— TASK OBJECTIVE —
With pictures left out, output exactly the lines of the listing below from the line that has "This is how" to the line that has "Y'all know I", both lines kept.
_ _ _ _
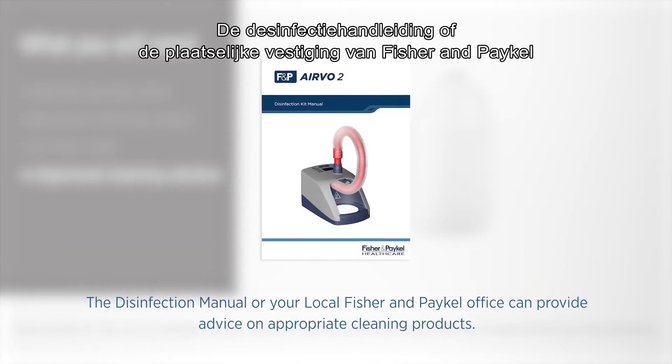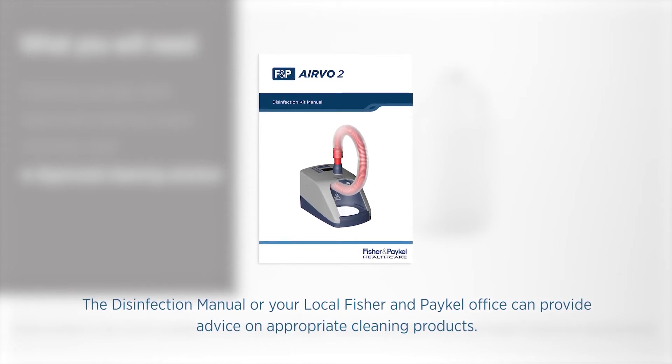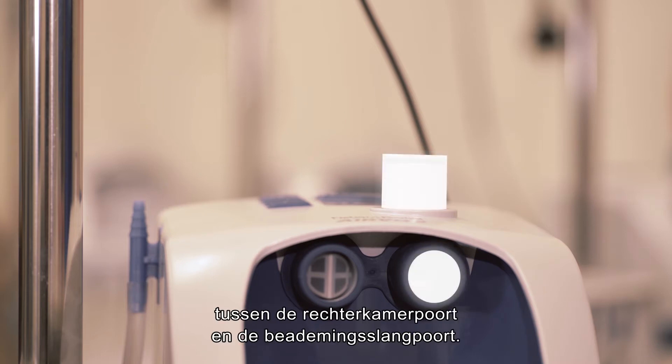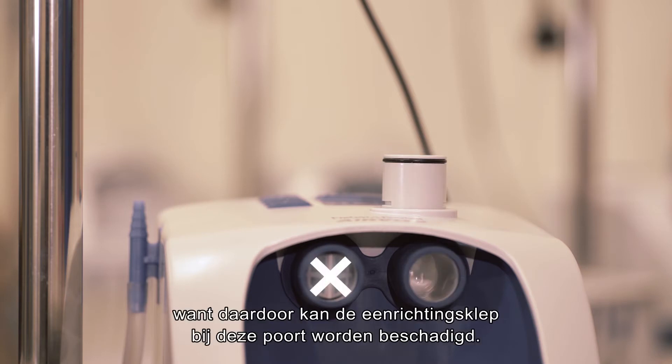The disinfection manual or your local Fisher & Paykel office can provide advice on appropriate cleaning products. The most important part to clean is the outlet elbow between the right chamber port and breathing tube port. Do not clean the left-hand chamber port as this can damage the non-return valve located at this port.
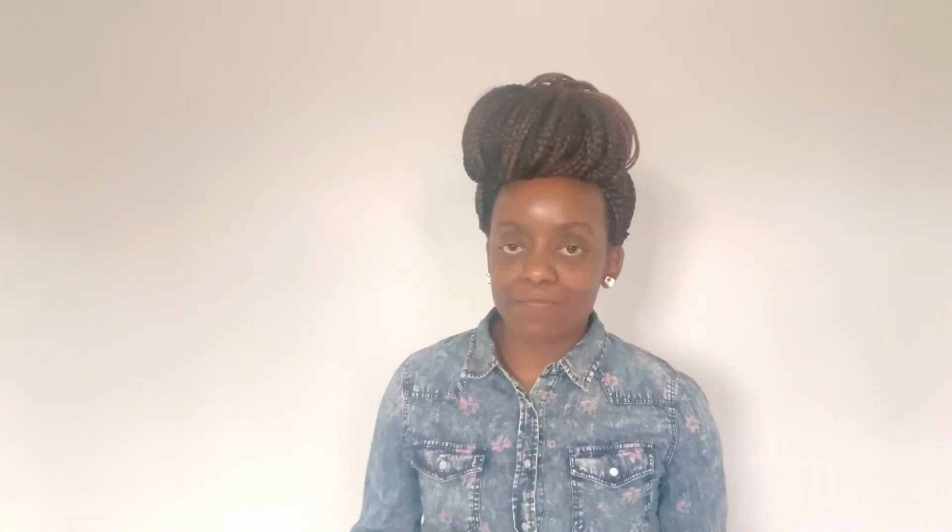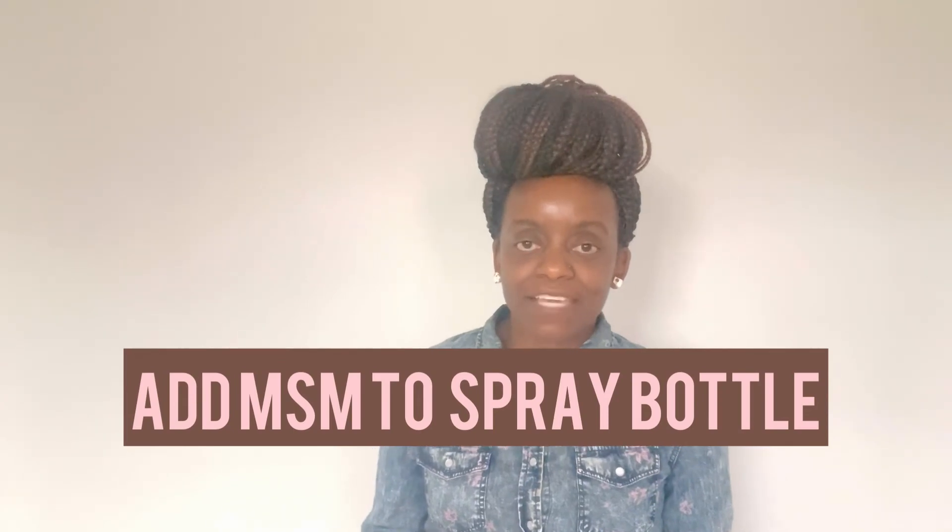The second best way, which is what I'm currently doing, is using it in a spray bottle. Now MSM comes in a fine crystal powder form, the same way as vitamin C. And so what I like to do — what I'm doing right now — is I have my MSM in a spray bottle along with some vitamin C.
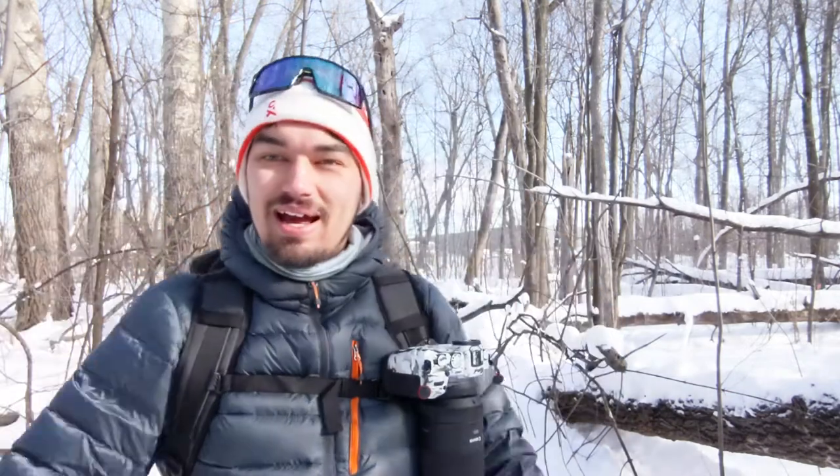Hey guys, I have another video for you. Today we're going to do something a little bit different than I've done in previous videos. The past few days it's been exceptionally cold here in Montreal, so I've decided this would be a great idea for a video. I haven't had time to film one of my normal videos, but I think you guys are going to enjoy this one. This is a question I've been asked a few times already, mainly on Instagram: what do you wear for gloves in cold weather?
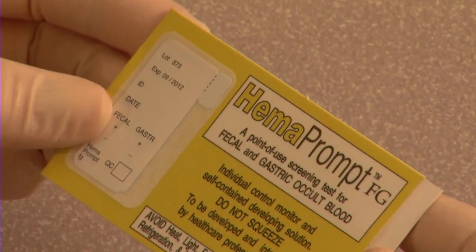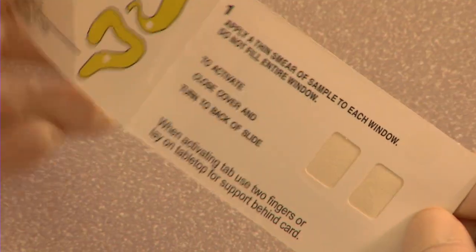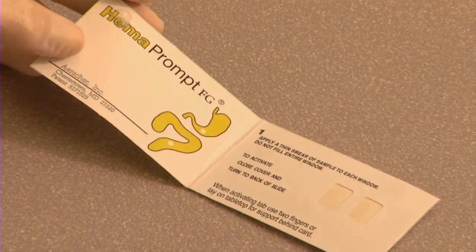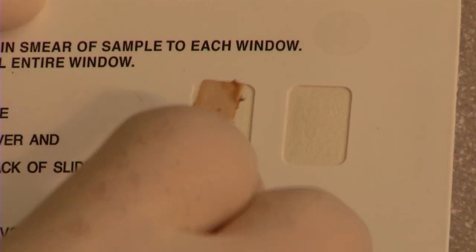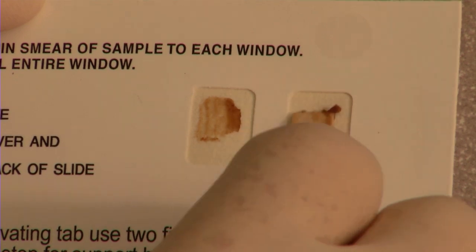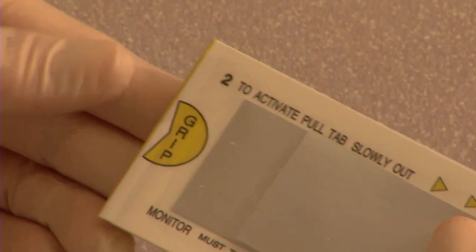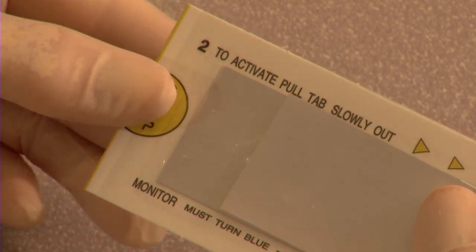This is how easy it is to use HemaPrompt FG. Start with the front of the test card facing you, and lift gently to open. Apply a thin smear of specimen to each one of the sample windows. Don't cover the entire window — leave a little white around each smear. Close the card and turn it over. Grip where indicated with your thumb, and place two fingers behind the card for support.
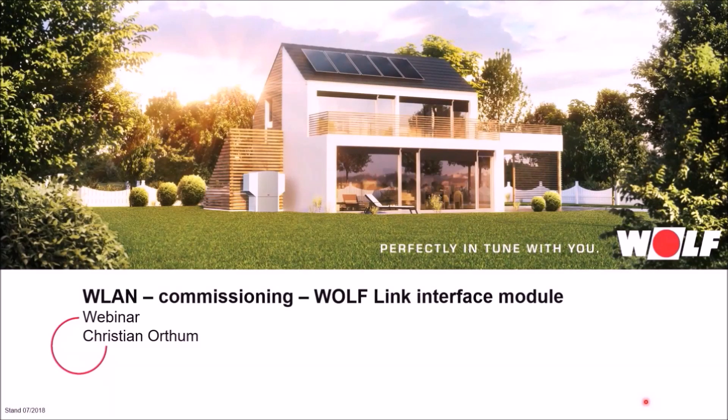Hello and welcome to this webinar with the topic WLAN Commissioning Wolf Link Interface Module. We would like to explain the WLAN commissioning of our Wolf Link Interface Module step by step.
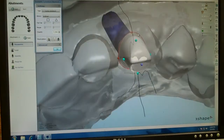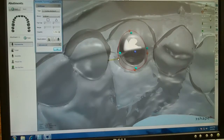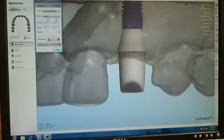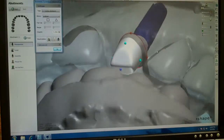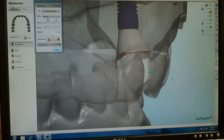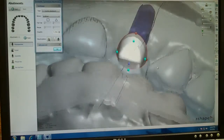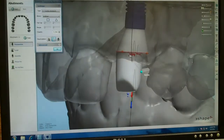We're going to have to blanch some tissue on the buccal to get the facial margin out where it needs to be, and we'll do some slight blanching in the proximals — not much. We also check for clearance on the lingual; we don't have enough right now. This button shows our undercuts — these are minimal.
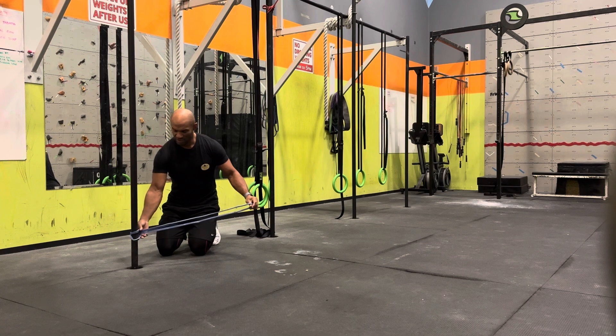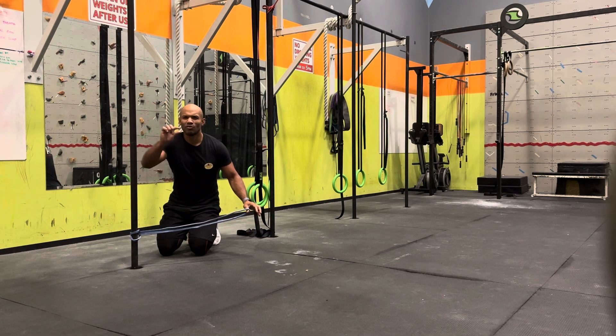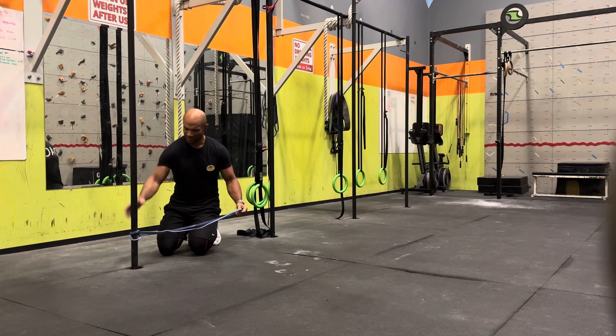Now, try to set it up around the level of a little over your ankle, or around your ankle. Right there.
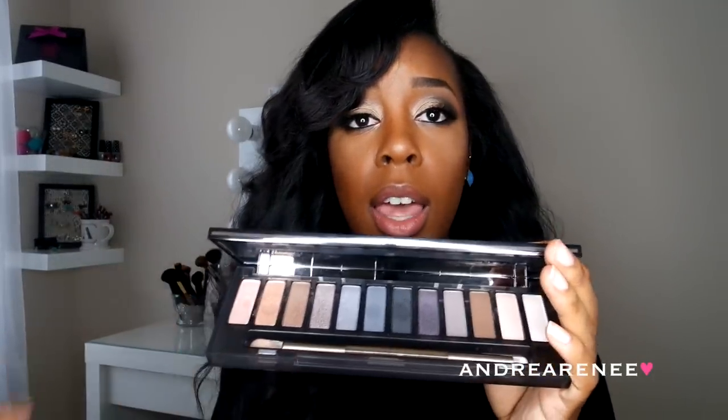Y'all know I love packaging, and this packaging is on point. I love how it has that magnetic touch to it, and of course the colors are gorgeous. You have all of these colors you can work with — you can do a summertime look, fall look, spring look, winter look, whatever look you want to go for. I went more towards a smoky eye look, of course, because it is a smoky eyeshadow palette.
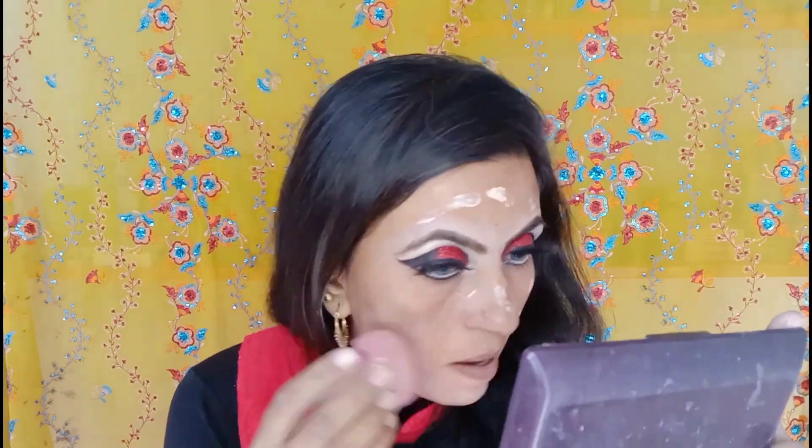I put my makeup on my face starting with moisturizing lotion first. Then I put primer on my face, though I forgot to mention it. Then I applied foundation - mine is 9 to 5. This foundation blends very well and is very good for matching with skin tone.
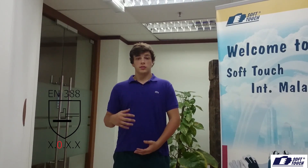Hi, I'm Tom Skipper from SoftTunch. Today I'm going to be showing to you how the tests are carried out for the European norm standard EN388. These include abrasion resistance, cut resistance, tear resistance, and finally puncture resistance.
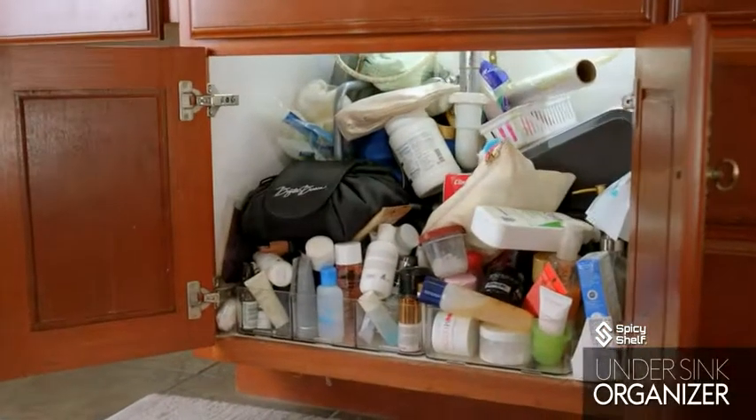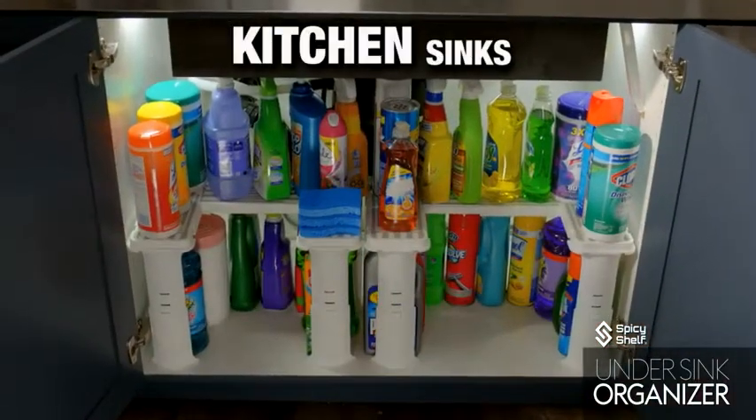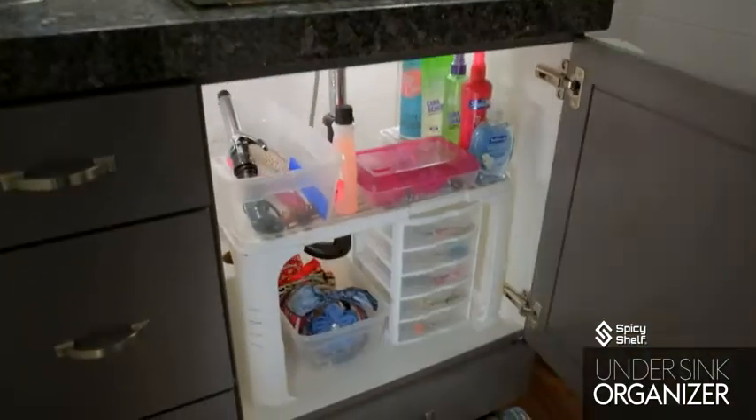Instead of one messy level, you have two organized levels. You can use it under your kitchen sink or under your bathroom sink. Turn your messes into organized successes.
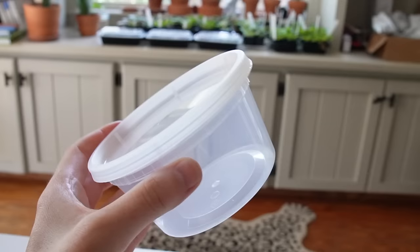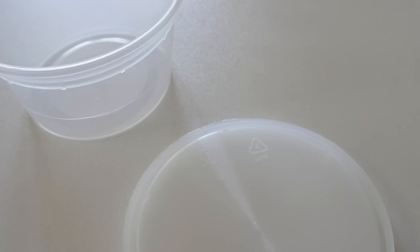If you're not sure what the lid and container are made of, check the recycling numbers. In the United States, if it says five, it's polypropylene and can be microwaved. If it says four, like these lids do, it's not polypropylene and cannot be microwaved or used for tissue culture. I'm using glass jars with polypropylene lids, which is what I use in the majority of my videos. I have a 10-pack of containers linked below in the description.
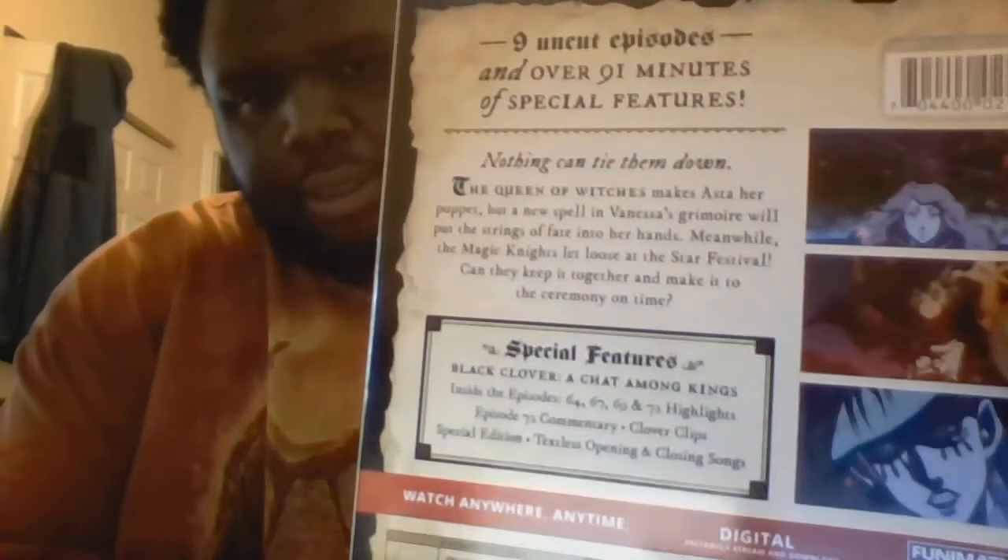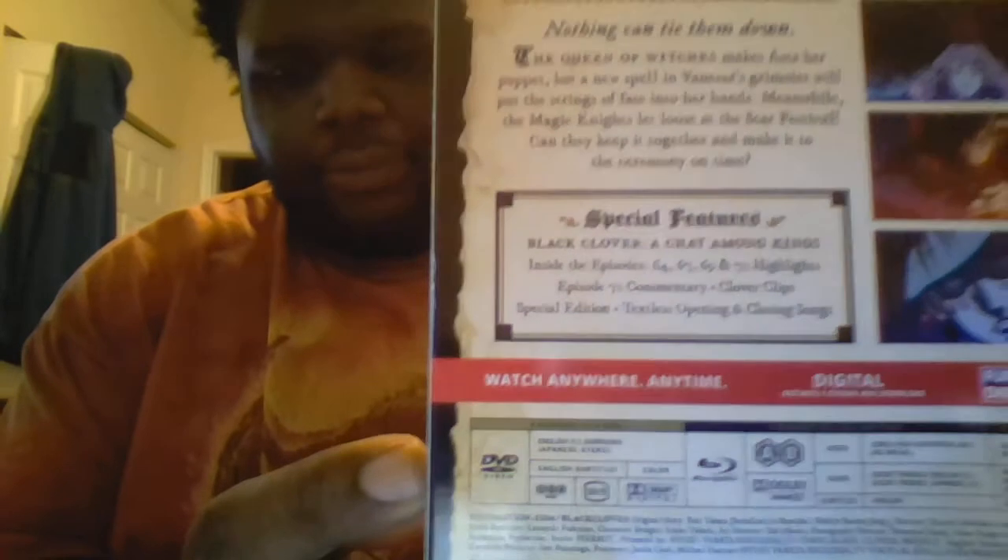Also on the back, there are the trading rounds for the Royal Knights entrance exam, plus the bonus features.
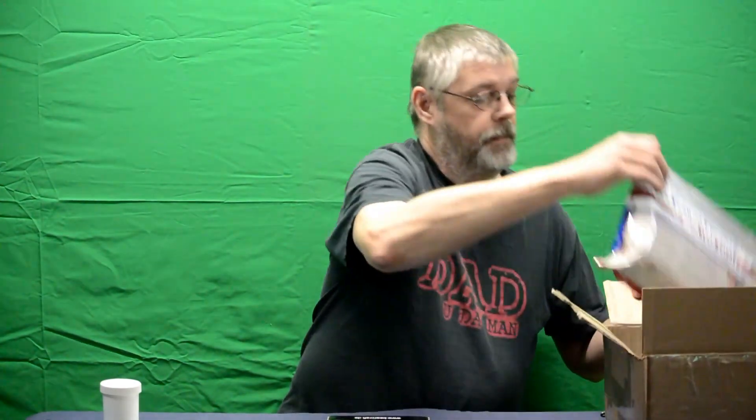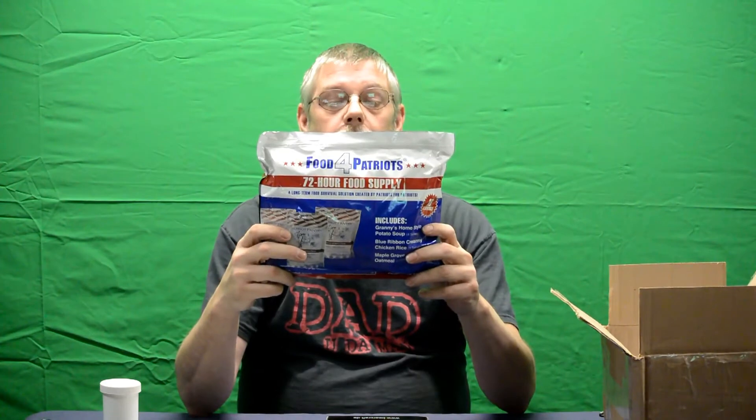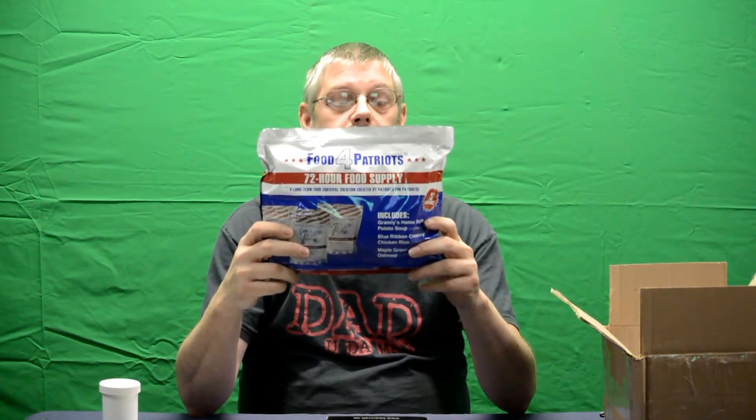Next is a 72-hour food supply from Food for Patriots. It includes 16 total servings: four servings of Granny's Homestyle Potato Soup, four servings of Blue Ribbon Creamy Chicken Rice, and eight servings of Maple Oatmeal. Good stuff!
_ _ _ _
— SOLVED EXERCISE —
This is how easy it is to use HemaPrompt FG. Start with the front of the test card facing you, and lift gently to open. Apply a thin smear of specimen to each one of the sample windows. Don't cover the entire window — leave a little white around each smear. Close the card and turn it over. Grip where indicated with your thumb, and place two fingers behind the card for support.
Hello and welcome to this webinar with the topic WLAN Commissioning Wolf Link Interface Module. We would like to explain the WLAN commissioning of our Wolf Link Interface Module step by step.
We're going to have to blanch some tissue on the buccal to get the facial margin out where it needs to be, and we'll do some slight blanching in the proximals — not much. We also check for clearance on the lingual; we don't have enough right now. This button shows our undercuts — these are minimal.
Now, try to set it up around the level of a little over your ankle, or around your ankle. Right there.
Y'all know I love packaging, and this packaging is on point. I love how it has that magnetic touch to it, and of course the colors are gorgeous. You have all of these colors you can work with — you can do a summertime look, fall look, spring look, winter look, whatever look you want to go for. I went more towards a smoky eye look, of course, because it is a smoky eyeshadow palette.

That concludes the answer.